Non poteva limitarsi al reportage Stefano, che per quindici anni ha immortalato l’uomo e l’animale per riviste di natura, scienza e viaggi documentando tantissime forme di vita diverse. Educato l’occhio all’altro lo ha poi rivolto verso ciò che conosceva meglio, forse talmente bene da non accorgersene più ed è così che è tornato da dove era venuto: in montagna. Fotografare ciò che si conosce meglio di qualsiasi altra cosa non può che venire dopo tutto il resto perché significa, in realtà, fotografarsi. “Sono un montanaro”, dice fieramente Stefano durante la nostra conversazione peripatetica per le strade del centro di Bolzano. Ed è per questo che dal reportage è passato al colportage, distribuendo visioni del “Panmontismo” in forma di foto, libri e mostre per di-mostrare la continuità e la matericità della montagna come organismo tutt’altro che dormiente; “un progetto mio” lo definisce semplicemente lui stesso, il cui nome, come tutte le migliori idee, gli è giunto mentre era in movimento: Alpimagia. Dalla sua natia Val d’Aosta al vicino Piemonte passando per la Liguria, la Lombardia, il Veneto, il Friuli Venezia Giulia e il Sudtirolo: è un tutt’uno. Stefano ha smesso di viaggiare quando si è reso conto che i confini che separavano queste terre non mettevano fine ai luoghi. Questi continuavano a srotolarsi piano piano, come una fisarmonica che si distende da occidente ad oriente senza incepparsi; un unico suono lungo un unico suolo. I confini sono invenzioni, costrutti che vanno distrutti e Stefano lo fa con la fotografia.

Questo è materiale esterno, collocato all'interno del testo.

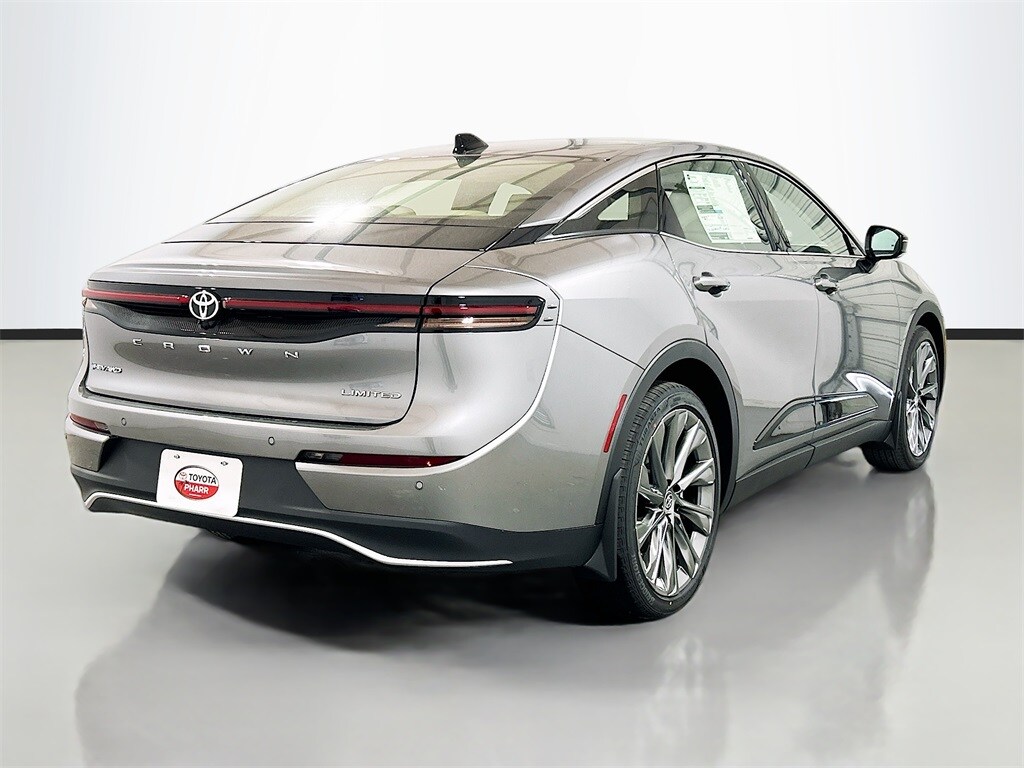 2026 Toyota Crown Limited photo 4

Il panmontismo di Stefano ruota intorno ai contrasti. È femminile nello scatto di un’anziana donna con un mazzo di fiori di campo in mano, capelli della terra; maschile nei volti dei Krampus che esorcizzano la follia figlia dalla fatica con riti e ritmi forsennati. È stato brado quando si mostra nei panni di un uomo travestito da animale che si toglie la maschera per accarezzare un cavallo; è educato quando avvolge di silenzio una ragazza che si cala in acqua per nuotare. È fuoco quando brucia alla luce della luna e dei falò per inneggiare al tramontare dell’estate; è acqua quando si scioglie piano piano dopo il lungo inverno innevato. È sacra quando si riempie di magia incolore; è profana quando si inzuppa di lacrime alcoliche dimentiche del dovere. È alta quando fa sentire piccoli davanti all’infinito; è bassa quando schiaccia per ricordare di essere umili, per costringere a stare con i piedi per terra, per sentire quanto è duro il suolo, se solo si ha il coraggio di camminarci a piedi nudi.

Il suolo è duro perché la montagna fu prima mare. Ciò che ora è in superficie, un tempo era sommerso. Stefano non è dimentico. Per questo quando si immerge nel flusso vitale dei riti montanari fotografa come fosse in apnea, senza mai riprendere fiato perché è nello iato che si dissolve l’alpimagia. 

Wilder Mann urbano. Antropologo silvestre. Homo selvaticus. Stefano è nel suo habitat quando si trova nella terra di mezzo, sospeso tra il basso e l’alto. Un montanaro che repelle il folklore perché giudica la montagna senza conoscerla, la condanna ad un inferiorità ingiustificata, rendendola il prodotto fittizio di un pensiero astratto che non si sporca le mani con una realtà fisica e materica che accoglie solo chi cerca la propria libertà nella partecipazione. Si mimetizza completamente Stefano, per introiettare ciò che si conquista solo con la lotta. L’intellettualizzazione estetizzante è assente dagli scatti alpimagici di Stefano che con il suo grandangolo cattura il respiro universale della montagna tutta. In una sola parola, panmontismo. 

La mostra di Stefano Torrione, Alpimagia – organizzata dal CAI sezione di Bolzanoè visitabile presso il Museo Civico di Bolzano dal 19 settembre 2020 al 25 Aprile 2021, accompagnata dagli evocativi testi del Premio Strega Paolo Cognetti. Il catalogo della mostra è acquistabile presso le librerie Ubik e Cappelli di Bolzano.